◆ About this task:
In full and exactly, please return the records, but keep out the pictures.

(Captioned web image data)
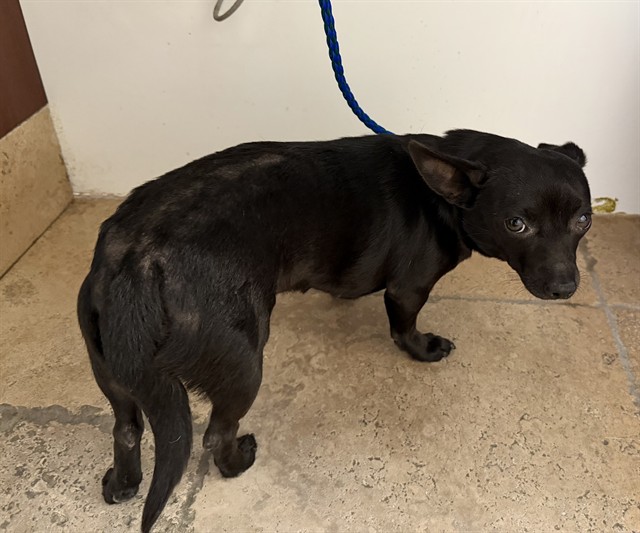 Shelter Stray Female Dog last seen , 600 Aviation Dr, Camarillo, CA 93010, USA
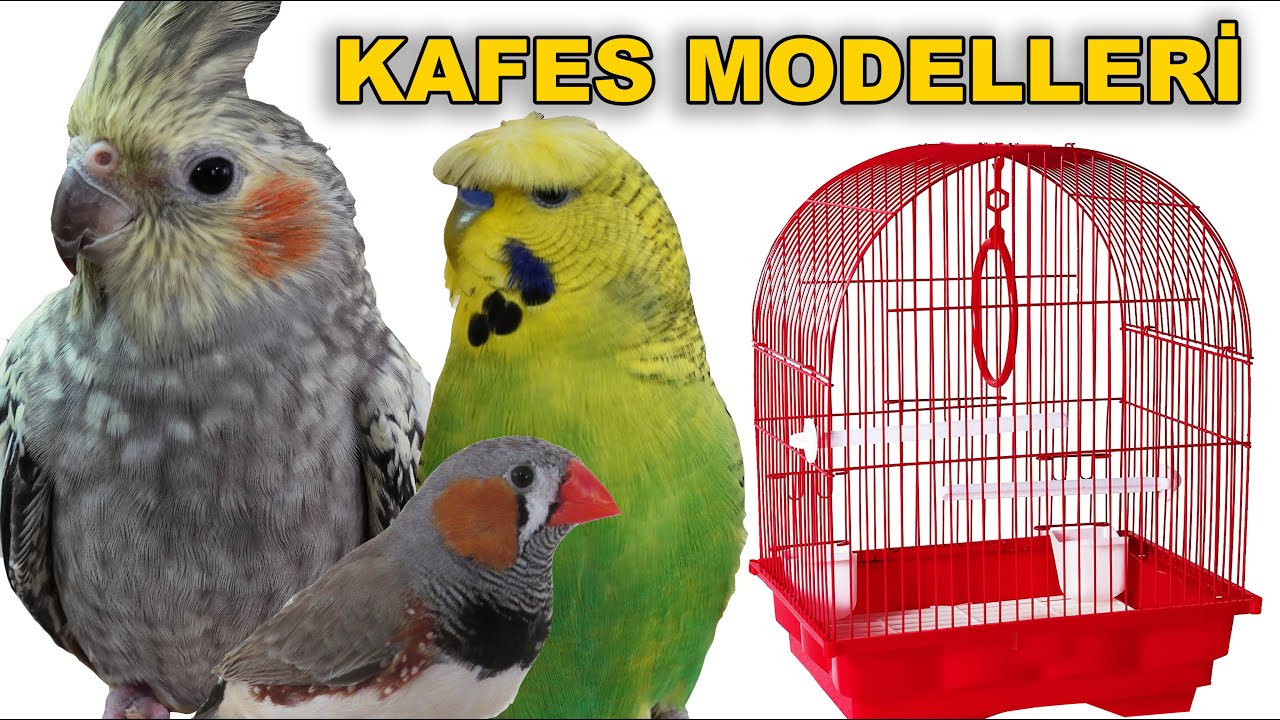 Kuş Kafesi Modelleri Fiyatları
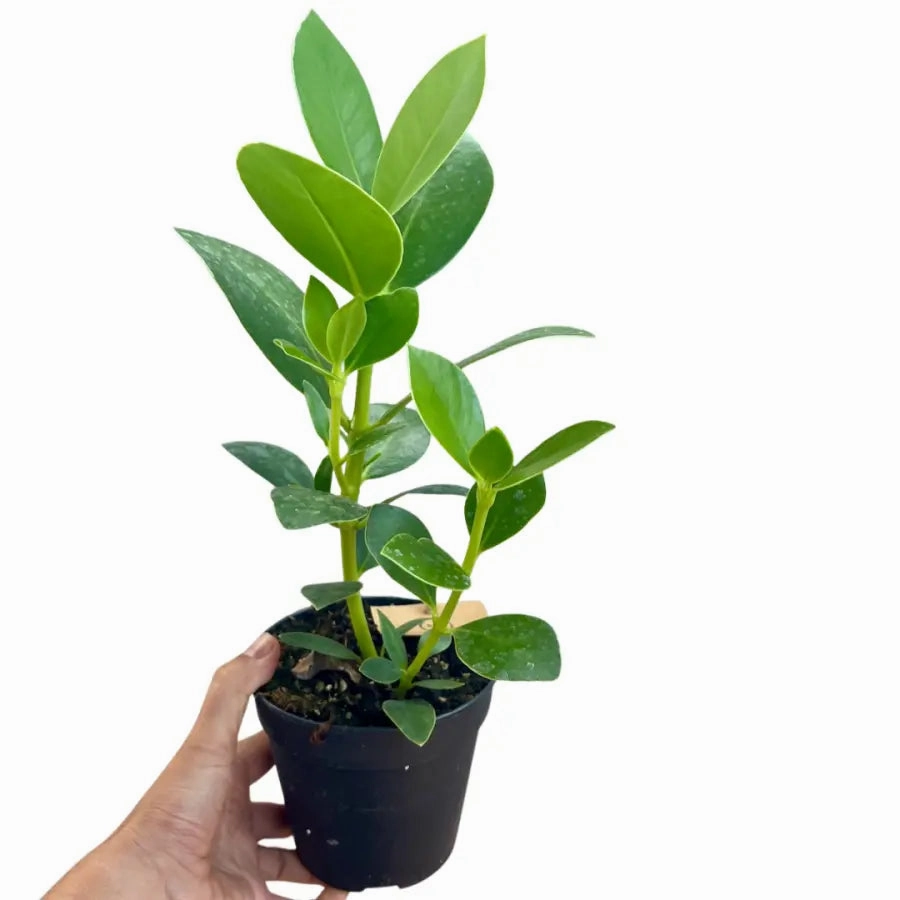 Clusia rosea
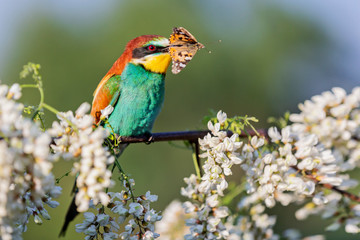 bee-eater with butterfly in its beak among acacia flowers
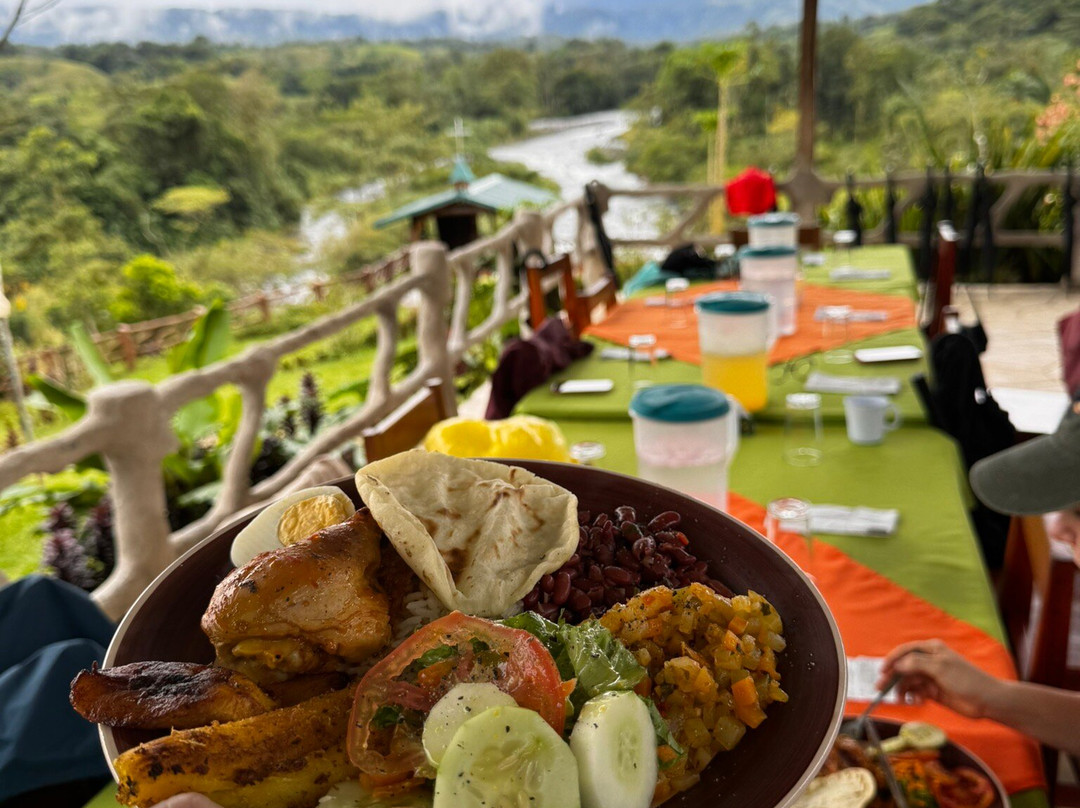 Finca Ecoorganica Sarapiqui-La Virgen必去景点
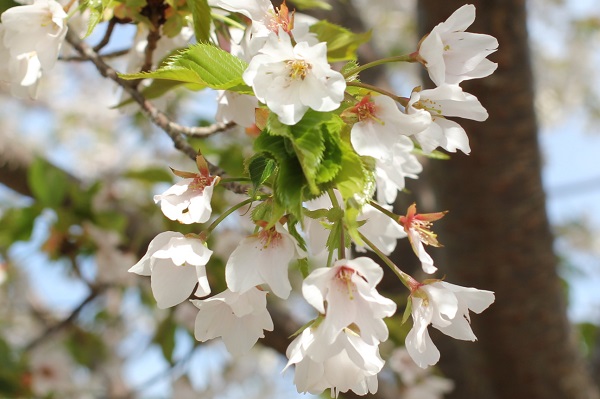 咲き進んだ早咲きのオオシマザクラの花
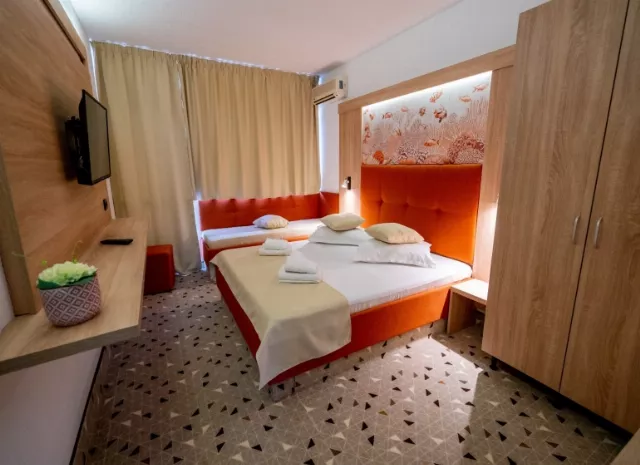 Hotel Delta Cameră Dublă matrimonială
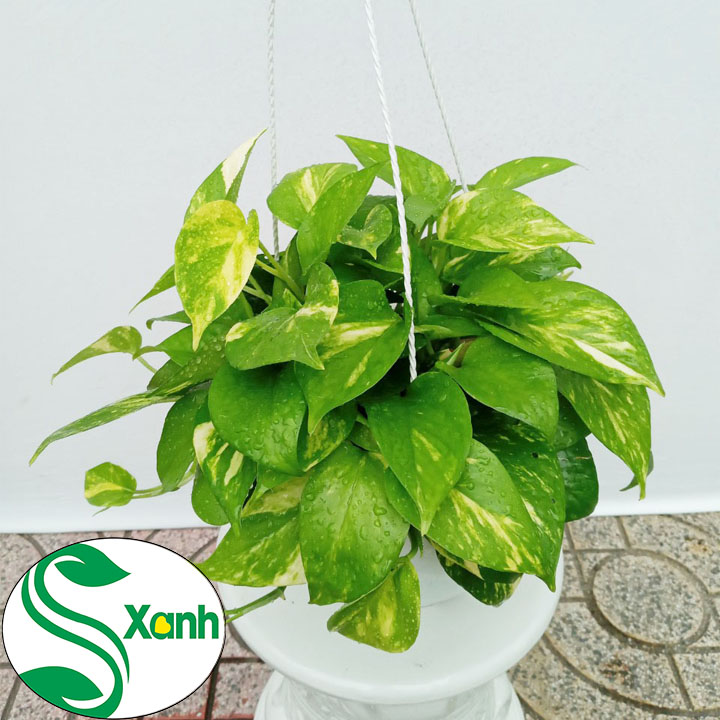 Chậu treo trầu bà lá sọc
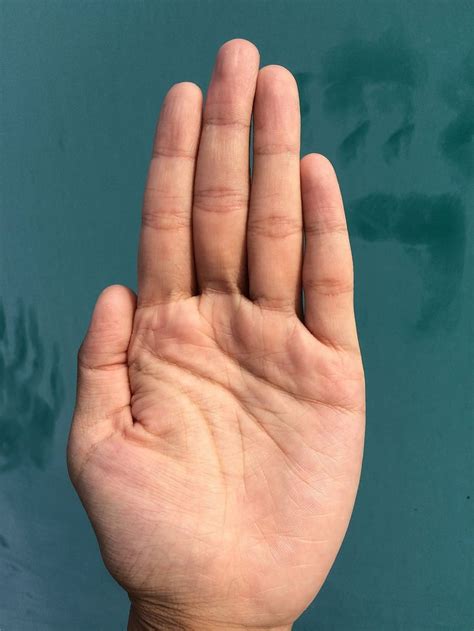 Hand Palm Background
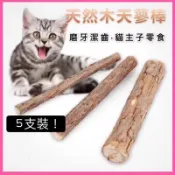 台灣🇹🇼現貨 24H出貨 木天蓼棒 貓咪磨牙玩具 貓草 木天蓼 磨牙 貓草球 貓咪用品 木天蓼粉 貓草玩具 貓薄荷 貓球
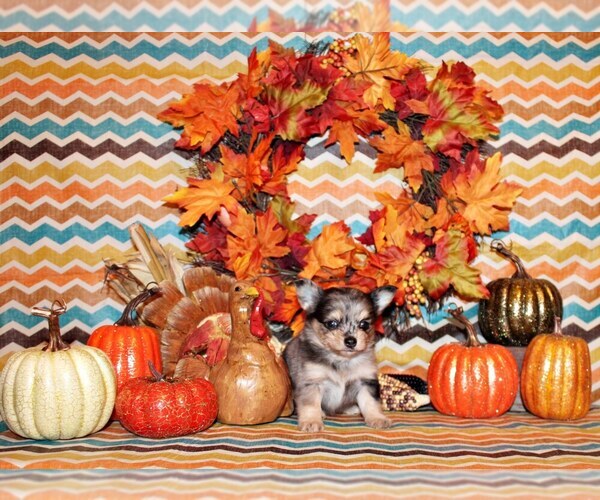 Medium Photo #26 Chihuahua Puppy For Sale in CHARLESTON, AR, USA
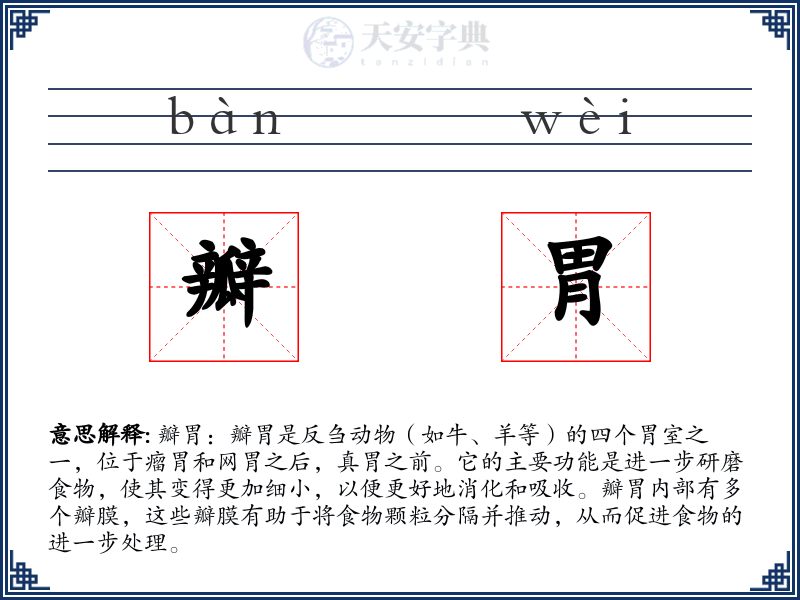瓣胃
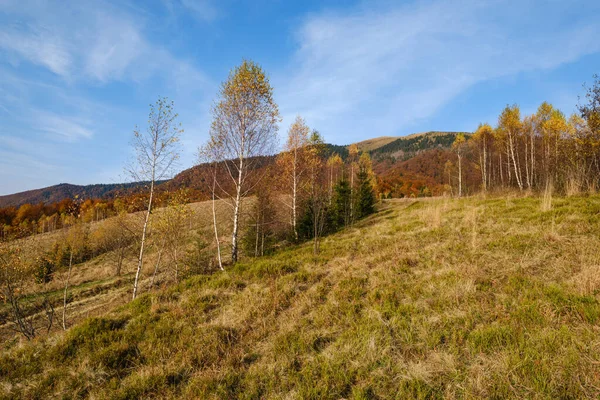 Jesienny Poranek Góry Karpackie Spokojna Malownicza Scena Ukraina Pokojowe Podróże — Zdjęcie stockowe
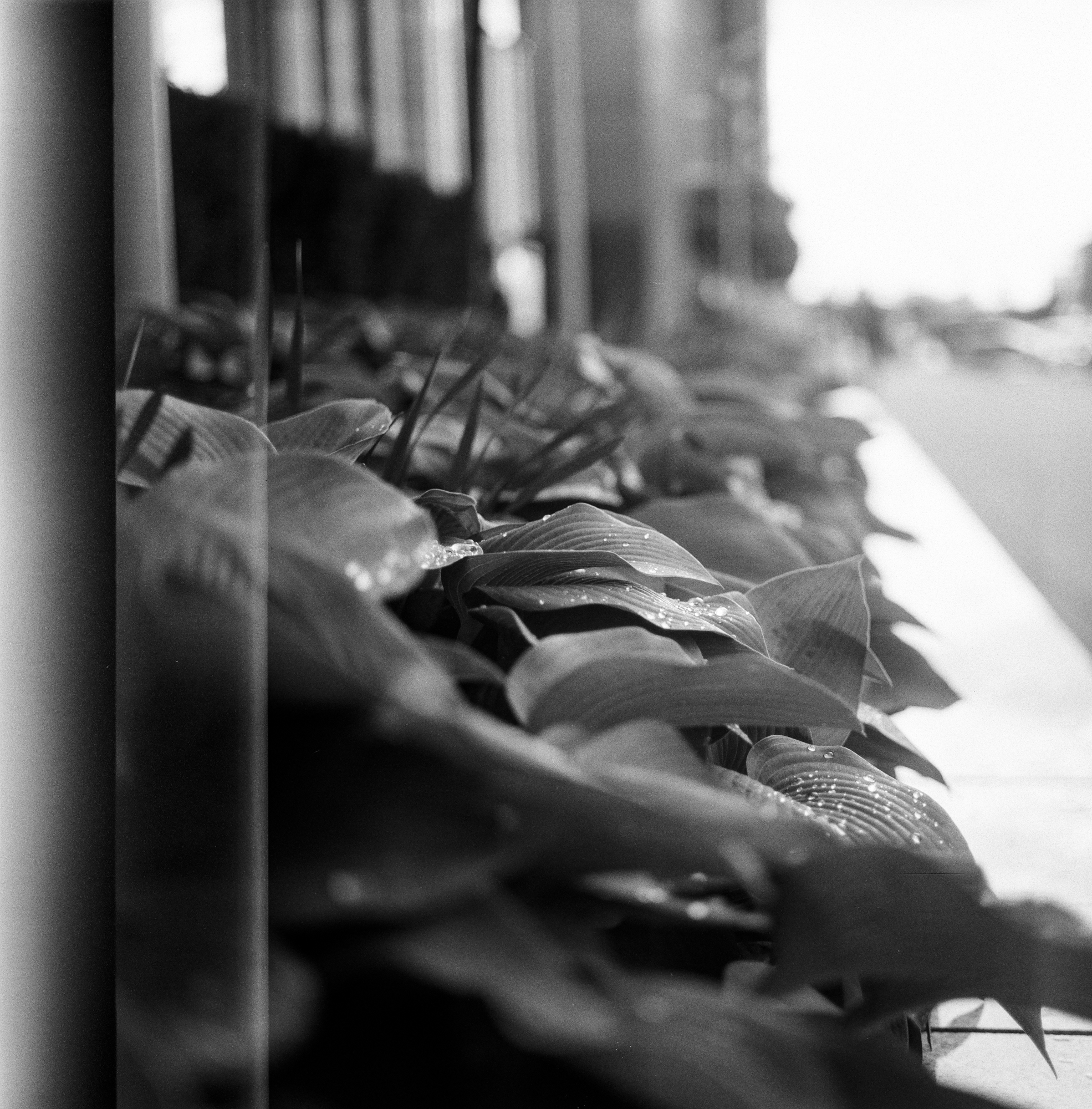 Mamiya 6 MF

◆ Solved exercise:
 Shelter Stray Female Dog last seen , 600 Aviation Dr, Camarillo, CA 93010, USA
 Kuş Kafesi Modelleri Fiyatları
 Clusia rosea
 bee-eater with butterfly in its beak among acacia flowers
 Finca Ecoorganica Sarapiqui-La Virgen必去景点
 咲き進んだ早咲きのオオシマザクラの花
 Hotel Delta Cameră Dublă matrimonială
 Chậu treo trầu bà lá sọc
 Hand Palm Background
 台灣🇹🇼現貨 24H出貨 木天蓼棒 貓咪磨牙玩具 貓草 木天蓼 磨牙 貓草球 貓咪用品 木天蓼粉 貓草玩具 貓薄荷 貓球
 Medium Photo #26 Chihuahua Puppy For Sale in CHARLESTON, AR, USA
瓣胃
 Jesienny Poranek Góry Karpackie Spokojna Malownicza Scena Ukraina Pokojowe Podróże — Zdjęcie stockowe
 Mamiya 6 MF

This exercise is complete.